Christmas music countdown: The Christmas Price Index

This year, your true love will pay a lot more for turtledoves.

Golden rings are up 30% this year

2009 gave us an increase in the price of French hens, a decline in the price of a partridge in a pear tree, and a discussion on whether or not ladies dancing would accept a lower wage. I am (obviously?) referring to the 2009 Christmas Price Index.

Today's Christmas countdown music is The 12 Days of Christmas. Each year PNC Wealth Management calculates how much all of the gifts that "my true love gave to me" would cost with today's prices. Then they compare that to the cost of twelve days of Christmas the year before.

This year, well, you can see it for yourself here. After a year of working for a business website, getting economic data presented in pop-up book form is... well... weird. And they present this as though inflation is always a bad thing. Look past all that, or maybe watch the Bloomberg interview instead of the cartoonish website.

The total cost of Christmas is up 9,2% since 2009. This is the largest price increase since 2003, and the second largest since the index began 27 years ago.

The price of gold hit an all-time this year and might reach a new record high about now. That means all those golden rings will cost a true love 30% more than in 2009.

The milkmaids represent the minimum wage, which did not increase this year. However, lords a-leaping and ladies dancing were playing catch-up after 2009, according to the index. The ladies dancing and lords a-leaping have seen a 300% increase in their fees over the past 27 years. Strangely enough, female dancers' wages were up 15% in 2009 and then an additional 15% this year. (Last year Norwegian economist Harald Magnus Andreassen wondered how dancing ladies could possibly be that expensive in the 2009 job market)

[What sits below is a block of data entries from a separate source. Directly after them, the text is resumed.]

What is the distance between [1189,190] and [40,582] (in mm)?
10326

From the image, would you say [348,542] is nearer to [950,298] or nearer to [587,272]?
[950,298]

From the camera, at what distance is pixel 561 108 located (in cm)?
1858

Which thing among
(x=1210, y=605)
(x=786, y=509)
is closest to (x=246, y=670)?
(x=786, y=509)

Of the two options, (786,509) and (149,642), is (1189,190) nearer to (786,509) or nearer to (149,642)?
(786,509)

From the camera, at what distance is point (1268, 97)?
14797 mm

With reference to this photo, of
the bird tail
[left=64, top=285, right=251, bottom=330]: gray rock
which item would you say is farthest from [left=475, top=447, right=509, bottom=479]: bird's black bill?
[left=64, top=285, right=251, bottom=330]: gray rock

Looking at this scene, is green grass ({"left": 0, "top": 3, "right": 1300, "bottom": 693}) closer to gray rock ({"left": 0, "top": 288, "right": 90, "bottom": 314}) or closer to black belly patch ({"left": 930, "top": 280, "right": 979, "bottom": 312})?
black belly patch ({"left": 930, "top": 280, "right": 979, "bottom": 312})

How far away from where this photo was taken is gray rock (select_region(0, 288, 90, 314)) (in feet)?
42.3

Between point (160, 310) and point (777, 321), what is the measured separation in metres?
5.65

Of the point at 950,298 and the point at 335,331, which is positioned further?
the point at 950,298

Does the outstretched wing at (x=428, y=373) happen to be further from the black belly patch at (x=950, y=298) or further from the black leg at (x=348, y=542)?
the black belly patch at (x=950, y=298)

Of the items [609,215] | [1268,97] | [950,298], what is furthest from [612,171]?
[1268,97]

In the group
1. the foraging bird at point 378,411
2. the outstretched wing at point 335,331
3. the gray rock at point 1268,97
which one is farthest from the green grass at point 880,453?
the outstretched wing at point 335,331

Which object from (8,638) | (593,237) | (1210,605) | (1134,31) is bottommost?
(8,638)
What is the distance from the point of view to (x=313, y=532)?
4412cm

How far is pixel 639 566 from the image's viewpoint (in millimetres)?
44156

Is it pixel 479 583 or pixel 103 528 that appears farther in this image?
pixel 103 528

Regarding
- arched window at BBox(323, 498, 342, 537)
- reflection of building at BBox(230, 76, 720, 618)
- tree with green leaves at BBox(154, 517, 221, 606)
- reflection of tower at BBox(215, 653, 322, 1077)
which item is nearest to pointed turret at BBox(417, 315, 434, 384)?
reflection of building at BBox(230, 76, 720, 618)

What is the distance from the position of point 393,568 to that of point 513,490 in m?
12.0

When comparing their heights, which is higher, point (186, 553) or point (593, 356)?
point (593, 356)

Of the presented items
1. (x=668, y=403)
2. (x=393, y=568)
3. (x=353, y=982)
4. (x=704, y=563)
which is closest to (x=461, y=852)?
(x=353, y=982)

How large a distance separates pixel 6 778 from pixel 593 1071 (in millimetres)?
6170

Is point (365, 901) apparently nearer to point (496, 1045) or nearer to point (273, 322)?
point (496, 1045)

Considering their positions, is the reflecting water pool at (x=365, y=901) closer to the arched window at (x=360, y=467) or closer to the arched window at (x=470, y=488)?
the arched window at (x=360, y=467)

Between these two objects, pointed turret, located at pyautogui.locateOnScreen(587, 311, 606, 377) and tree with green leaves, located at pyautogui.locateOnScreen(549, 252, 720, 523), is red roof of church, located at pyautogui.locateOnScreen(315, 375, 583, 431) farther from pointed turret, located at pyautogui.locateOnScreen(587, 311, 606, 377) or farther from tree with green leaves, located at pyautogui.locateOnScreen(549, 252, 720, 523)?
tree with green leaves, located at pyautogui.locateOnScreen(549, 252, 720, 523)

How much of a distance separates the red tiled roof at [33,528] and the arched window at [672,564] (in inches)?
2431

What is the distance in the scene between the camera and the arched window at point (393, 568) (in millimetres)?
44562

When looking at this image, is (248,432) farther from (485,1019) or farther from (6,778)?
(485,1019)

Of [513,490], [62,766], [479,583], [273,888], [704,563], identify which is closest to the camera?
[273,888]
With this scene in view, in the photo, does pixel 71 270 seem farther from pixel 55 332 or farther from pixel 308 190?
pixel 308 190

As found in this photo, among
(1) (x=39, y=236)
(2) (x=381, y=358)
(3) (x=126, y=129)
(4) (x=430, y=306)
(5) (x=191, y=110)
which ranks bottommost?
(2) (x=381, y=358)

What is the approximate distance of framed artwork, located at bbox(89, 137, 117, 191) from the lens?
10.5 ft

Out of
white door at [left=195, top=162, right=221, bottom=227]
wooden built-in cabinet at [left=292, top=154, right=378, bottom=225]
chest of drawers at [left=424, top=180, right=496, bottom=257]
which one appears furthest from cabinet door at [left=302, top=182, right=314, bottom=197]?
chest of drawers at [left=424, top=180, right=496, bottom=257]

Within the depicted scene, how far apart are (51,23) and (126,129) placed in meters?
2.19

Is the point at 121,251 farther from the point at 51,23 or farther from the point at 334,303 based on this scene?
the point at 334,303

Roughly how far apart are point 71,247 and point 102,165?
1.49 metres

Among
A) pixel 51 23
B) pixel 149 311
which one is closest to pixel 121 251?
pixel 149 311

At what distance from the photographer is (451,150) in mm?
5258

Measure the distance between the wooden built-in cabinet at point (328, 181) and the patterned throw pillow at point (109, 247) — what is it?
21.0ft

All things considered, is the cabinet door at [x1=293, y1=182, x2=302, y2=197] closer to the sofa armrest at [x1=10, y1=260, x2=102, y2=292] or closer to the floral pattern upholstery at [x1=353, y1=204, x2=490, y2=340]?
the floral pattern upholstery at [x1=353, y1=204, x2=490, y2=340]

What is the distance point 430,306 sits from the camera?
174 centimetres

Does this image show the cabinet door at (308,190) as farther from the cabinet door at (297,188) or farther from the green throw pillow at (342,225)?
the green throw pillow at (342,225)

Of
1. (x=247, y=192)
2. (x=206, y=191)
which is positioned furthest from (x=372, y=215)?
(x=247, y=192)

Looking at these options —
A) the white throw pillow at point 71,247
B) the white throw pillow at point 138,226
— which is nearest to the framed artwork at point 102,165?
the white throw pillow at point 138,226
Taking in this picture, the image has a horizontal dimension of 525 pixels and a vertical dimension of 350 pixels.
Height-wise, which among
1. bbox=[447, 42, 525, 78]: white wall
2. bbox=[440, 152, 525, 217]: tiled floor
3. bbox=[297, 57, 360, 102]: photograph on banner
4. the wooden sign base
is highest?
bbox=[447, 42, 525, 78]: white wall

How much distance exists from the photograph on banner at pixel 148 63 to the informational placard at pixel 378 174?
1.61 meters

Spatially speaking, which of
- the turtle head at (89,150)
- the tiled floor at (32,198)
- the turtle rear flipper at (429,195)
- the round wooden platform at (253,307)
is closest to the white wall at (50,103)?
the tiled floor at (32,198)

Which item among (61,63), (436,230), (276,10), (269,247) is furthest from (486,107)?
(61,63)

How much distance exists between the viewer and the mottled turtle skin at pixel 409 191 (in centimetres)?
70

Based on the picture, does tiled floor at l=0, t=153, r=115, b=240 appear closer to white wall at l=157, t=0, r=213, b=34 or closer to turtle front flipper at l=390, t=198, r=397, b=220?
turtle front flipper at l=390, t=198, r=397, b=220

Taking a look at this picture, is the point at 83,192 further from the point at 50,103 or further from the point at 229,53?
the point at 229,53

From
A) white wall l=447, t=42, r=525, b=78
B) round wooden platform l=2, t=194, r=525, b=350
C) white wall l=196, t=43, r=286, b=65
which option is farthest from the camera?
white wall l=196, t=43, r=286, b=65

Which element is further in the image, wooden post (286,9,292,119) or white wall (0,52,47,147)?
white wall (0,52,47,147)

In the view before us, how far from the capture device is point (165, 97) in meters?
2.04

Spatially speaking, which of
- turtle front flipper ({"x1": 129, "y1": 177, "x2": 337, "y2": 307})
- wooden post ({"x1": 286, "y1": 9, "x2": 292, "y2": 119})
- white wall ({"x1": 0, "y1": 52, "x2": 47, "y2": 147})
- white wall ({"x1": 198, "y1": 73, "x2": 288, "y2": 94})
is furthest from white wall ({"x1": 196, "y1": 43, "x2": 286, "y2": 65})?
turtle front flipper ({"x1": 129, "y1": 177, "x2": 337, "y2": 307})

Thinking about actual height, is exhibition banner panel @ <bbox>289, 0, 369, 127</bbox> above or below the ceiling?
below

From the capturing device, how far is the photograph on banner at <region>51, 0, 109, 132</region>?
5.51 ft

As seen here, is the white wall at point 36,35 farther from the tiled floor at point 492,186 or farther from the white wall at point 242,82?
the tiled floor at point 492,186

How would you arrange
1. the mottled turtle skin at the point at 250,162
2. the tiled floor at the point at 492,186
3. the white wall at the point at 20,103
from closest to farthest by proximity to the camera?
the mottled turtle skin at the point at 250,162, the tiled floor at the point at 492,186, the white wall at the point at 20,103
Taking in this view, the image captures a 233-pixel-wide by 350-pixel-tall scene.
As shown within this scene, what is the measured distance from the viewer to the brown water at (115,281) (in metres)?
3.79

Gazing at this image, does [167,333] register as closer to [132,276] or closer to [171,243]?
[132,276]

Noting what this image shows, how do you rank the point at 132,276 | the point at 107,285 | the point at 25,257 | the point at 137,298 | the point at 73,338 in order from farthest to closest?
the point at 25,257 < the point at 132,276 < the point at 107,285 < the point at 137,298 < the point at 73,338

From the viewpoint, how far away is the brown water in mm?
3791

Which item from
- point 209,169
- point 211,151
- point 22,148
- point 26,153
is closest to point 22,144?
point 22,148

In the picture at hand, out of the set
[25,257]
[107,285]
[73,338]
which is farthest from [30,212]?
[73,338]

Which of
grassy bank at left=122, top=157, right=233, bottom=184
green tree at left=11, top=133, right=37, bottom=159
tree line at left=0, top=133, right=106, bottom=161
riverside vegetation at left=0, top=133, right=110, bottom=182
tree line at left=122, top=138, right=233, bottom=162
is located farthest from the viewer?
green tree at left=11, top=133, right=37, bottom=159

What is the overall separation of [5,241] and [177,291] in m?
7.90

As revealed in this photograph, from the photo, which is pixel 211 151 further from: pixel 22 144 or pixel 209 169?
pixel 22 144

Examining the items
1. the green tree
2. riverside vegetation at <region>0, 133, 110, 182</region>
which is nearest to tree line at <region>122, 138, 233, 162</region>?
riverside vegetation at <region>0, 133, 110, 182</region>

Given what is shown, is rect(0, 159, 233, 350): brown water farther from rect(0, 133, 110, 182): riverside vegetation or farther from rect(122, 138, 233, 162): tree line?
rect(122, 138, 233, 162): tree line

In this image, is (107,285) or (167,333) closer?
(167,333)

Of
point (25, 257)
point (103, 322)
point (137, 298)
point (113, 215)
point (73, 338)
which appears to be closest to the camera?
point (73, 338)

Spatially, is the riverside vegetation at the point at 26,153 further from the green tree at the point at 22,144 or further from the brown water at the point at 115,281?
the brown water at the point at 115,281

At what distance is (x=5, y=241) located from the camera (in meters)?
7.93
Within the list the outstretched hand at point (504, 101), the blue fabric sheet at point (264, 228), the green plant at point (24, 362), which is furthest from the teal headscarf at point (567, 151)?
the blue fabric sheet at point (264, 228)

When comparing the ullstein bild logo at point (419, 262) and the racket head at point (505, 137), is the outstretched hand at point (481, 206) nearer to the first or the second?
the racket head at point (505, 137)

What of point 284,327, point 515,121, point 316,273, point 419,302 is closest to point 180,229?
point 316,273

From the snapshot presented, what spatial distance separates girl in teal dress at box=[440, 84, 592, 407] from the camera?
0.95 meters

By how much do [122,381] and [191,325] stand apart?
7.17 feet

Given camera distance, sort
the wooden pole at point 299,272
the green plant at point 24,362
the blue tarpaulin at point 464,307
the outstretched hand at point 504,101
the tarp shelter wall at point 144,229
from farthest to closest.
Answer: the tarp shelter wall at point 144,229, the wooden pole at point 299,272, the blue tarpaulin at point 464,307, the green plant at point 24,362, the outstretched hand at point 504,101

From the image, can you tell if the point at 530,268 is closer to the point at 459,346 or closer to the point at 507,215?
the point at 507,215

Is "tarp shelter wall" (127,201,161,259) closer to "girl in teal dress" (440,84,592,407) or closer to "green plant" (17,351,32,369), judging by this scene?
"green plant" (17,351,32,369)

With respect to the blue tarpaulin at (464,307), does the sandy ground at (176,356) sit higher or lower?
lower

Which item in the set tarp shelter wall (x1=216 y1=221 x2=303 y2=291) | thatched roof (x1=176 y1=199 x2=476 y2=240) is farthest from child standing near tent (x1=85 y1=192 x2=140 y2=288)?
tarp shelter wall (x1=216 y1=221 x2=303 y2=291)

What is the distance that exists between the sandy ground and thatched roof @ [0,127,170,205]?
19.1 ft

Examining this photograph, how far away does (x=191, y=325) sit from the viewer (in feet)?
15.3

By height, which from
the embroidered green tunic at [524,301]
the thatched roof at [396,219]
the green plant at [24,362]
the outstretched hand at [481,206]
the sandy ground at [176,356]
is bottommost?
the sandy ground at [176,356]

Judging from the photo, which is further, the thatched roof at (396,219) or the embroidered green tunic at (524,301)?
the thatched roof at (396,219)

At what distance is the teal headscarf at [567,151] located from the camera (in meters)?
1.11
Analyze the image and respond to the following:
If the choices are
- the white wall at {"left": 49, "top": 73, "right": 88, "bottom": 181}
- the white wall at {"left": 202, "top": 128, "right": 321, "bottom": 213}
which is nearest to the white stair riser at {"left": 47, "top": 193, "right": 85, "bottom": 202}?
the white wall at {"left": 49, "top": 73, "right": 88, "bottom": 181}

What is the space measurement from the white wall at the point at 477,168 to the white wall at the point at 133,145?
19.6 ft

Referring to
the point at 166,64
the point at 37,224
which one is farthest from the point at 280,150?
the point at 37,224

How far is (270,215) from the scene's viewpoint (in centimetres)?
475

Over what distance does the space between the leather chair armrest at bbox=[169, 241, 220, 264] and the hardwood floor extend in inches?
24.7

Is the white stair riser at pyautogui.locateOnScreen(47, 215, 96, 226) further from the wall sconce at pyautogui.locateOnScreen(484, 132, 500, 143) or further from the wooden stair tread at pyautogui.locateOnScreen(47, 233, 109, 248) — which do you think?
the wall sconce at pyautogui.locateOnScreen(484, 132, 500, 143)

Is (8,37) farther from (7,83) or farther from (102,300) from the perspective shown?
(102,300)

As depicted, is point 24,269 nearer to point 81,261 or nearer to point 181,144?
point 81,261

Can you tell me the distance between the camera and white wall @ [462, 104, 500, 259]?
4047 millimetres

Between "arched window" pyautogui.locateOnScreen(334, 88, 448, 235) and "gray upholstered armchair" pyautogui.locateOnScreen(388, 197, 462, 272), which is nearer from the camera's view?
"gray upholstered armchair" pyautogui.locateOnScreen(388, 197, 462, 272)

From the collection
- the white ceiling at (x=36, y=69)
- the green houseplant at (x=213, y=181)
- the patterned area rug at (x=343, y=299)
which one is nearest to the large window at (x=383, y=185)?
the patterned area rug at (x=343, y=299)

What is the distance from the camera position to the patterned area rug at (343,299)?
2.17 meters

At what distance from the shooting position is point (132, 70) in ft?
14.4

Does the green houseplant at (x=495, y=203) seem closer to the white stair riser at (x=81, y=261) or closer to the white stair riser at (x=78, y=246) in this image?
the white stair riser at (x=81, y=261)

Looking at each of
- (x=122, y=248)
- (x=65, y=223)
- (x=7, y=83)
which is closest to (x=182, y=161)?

Of course the factors in the cost of Christmas are kind of random. Dancers' wages and the cost of birds are probably not the best indicators of how the American economy is doing. Still, since the index started, the price of the goods in the index have decreased relative to the price of services - especially the cost of entertainment. That sounds familiar (and it's been happening in the Norwegian music business too). And this year, the jump in the price of French hens is primarily feed costs, according to PNC's James Dunigan. Which again makes sense.